Car manufacturer, Honda has become the most recent business to prepare to leave Britain as circumstances change and global forces alter the shape of the motor vehicle industry as the country prepares to leave the European Union.
Honda will be closing the doors in their Swindon based plant, just outside of London. The closure is set to take place in 2021 and will result in the loss of 3,500 British jobs. The factory produces an estimated 150,000 cars a year, will close once its current line of Civic cars comes to an end. This is the company’s first ever closure in its 71 year history.
Greg Clarke, Britain’s business secretary mentioned in a statement that the decision was “a devastating decision for Swindon and the U.K”.
Honda has decided to follow other companies that have decided to leave Britain as result of uncertain market conditions. regulation and challenges from financially backed technology companies that are pursuing electric vehicles. Last month, Ford said it was cutting thousands of positions across Europe as emission rules and decreasing demand left quite a dent in its profits. Similarly to Nissan, Honda stands to benefit from a new trade deal between European Union and Japan, which will make it easier for them to produce cars in Japan. Their production lines in Japan will be closer to markets viewed as having greater growth potential, like China and Indonesia.

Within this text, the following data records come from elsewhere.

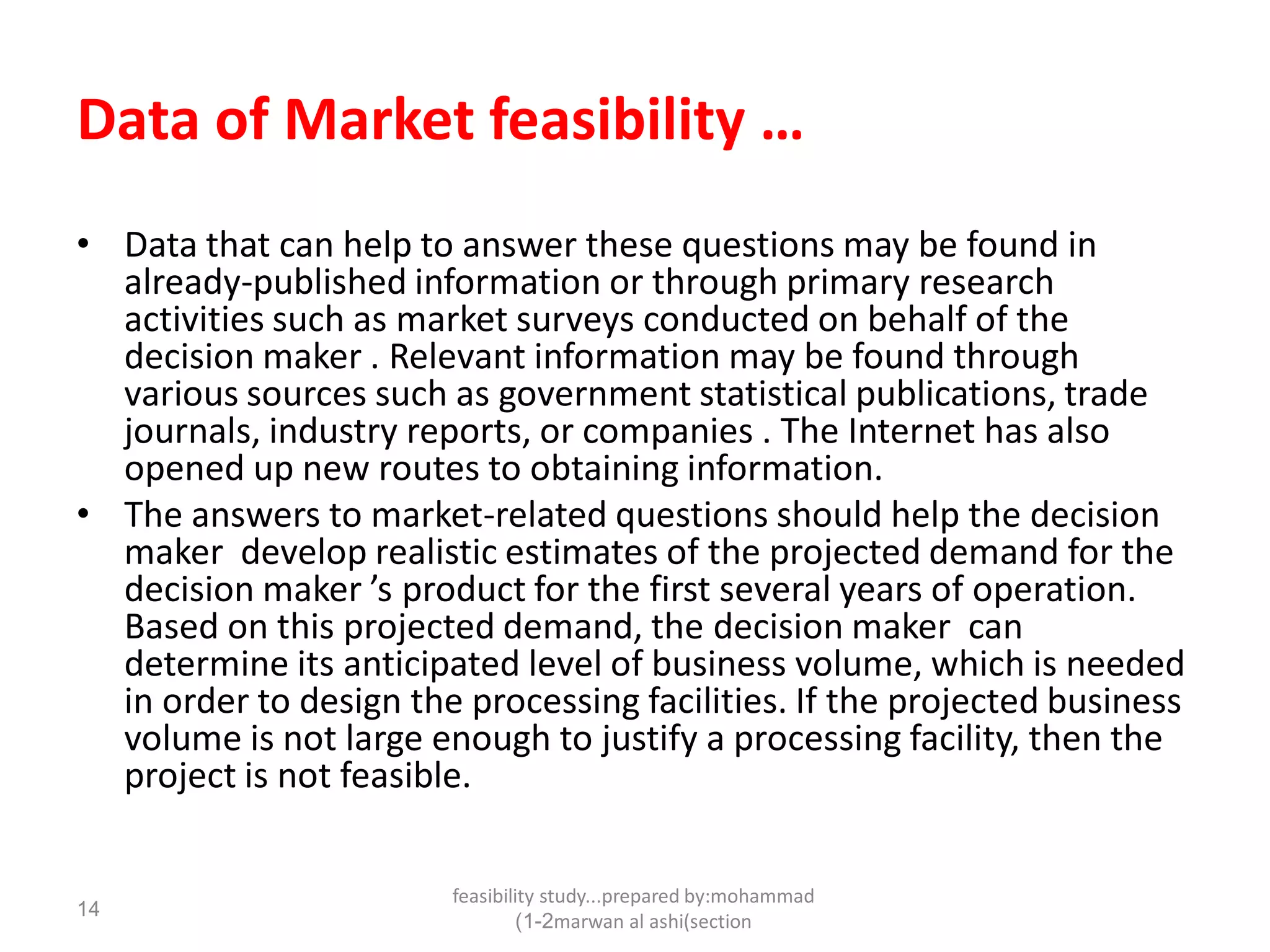 feasibility study...prepared by:mohammad
marwan al ashi(section1-2)
14
Data of Market feasibility …
• Data that can help to answer these questions may be found in
already-published information or through primary research
activities such as market surveys conducted on behalf of the
decision maker . Relevant information may be found through
various sources such as government statistical publications, trade
journals, industry reports, or companies . The Internet has also
opened up new routes to obtaining information.
• The answers to market-related questions should help the decision
maker develop realistic estimates of the projected demand for the
decision maker ’s product for the first several years of operation.
Based on this projected demand, the decision maker can
determine its anticipated level of business volume, which is needed
in order to design the processing facilities. If the projected business
volume is not large enough to justify a processing facility, then the
project is not feasible.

Honda’s operations in Britain depend heavily on being connected to the European Union. The company had already mentioned it would close its factory temporarily in case no-deal Brexit triggered chaos. About 40% of the components that Honda uses at the Swindon factory come from the European Union. While 35% of its experts are sent to the region, according to the government affairs manager at Honda Motor Europe, Patrick Keating.